** EXERCISE DATA follows **

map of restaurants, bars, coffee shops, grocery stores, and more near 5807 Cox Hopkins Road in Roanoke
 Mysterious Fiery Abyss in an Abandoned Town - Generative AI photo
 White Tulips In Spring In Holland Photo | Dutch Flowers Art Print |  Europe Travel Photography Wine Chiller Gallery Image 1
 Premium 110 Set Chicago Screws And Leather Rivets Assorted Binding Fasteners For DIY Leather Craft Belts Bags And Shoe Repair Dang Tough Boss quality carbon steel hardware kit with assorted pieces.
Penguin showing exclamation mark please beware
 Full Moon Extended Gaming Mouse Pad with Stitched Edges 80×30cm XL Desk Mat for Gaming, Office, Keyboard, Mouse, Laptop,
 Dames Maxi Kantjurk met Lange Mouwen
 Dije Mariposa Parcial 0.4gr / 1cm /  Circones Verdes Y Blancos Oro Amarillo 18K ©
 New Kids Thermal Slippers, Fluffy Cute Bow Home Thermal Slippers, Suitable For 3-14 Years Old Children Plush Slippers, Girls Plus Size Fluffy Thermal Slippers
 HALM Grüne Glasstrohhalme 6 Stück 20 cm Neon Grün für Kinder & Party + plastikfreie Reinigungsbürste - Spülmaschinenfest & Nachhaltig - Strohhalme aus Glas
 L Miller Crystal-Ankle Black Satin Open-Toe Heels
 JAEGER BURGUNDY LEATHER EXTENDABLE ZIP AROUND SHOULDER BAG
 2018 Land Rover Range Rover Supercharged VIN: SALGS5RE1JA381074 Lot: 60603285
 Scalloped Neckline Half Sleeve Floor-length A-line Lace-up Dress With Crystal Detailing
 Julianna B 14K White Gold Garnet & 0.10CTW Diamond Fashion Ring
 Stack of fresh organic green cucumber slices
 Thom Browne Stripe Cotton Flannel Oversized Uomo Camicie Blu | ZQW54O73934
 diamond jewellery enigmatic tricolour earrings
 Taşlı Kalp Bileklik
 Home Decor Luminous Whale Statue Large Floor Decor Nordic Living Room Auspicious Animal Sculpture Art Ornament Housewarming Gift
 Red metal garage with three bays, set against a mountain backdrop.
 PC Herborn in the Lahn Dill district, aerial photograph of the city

** End of EXERCISE DATA **

#### TASK ITEM:
Out of the data above, transcribe exactly and only the lines starting with the line that has "HALM Grüne Glasstrohhalme" and going on through the line that has "2018 Land Rover", both included.

#### FINISHED EXERCISE:
 HALM Grüne Glasstrohhalme 6 Stück 20 cm Neon Grün für Kinder & Party + plastikfreie Reinigungsbürste - Spülmaschinenfest & Nachhaltig - Strohhalme aus Glas
 L Miller Crystal-Ankle Black Satin Open-Toe Heels
 JAEGER BURGUNDY LEATHER EXTENDABLE ZIP AROUND SHOULDER BAG
 2018 Land Rover Range Rover Supercharged VIN: SALGS5RE1JA381074 Lot: 60603285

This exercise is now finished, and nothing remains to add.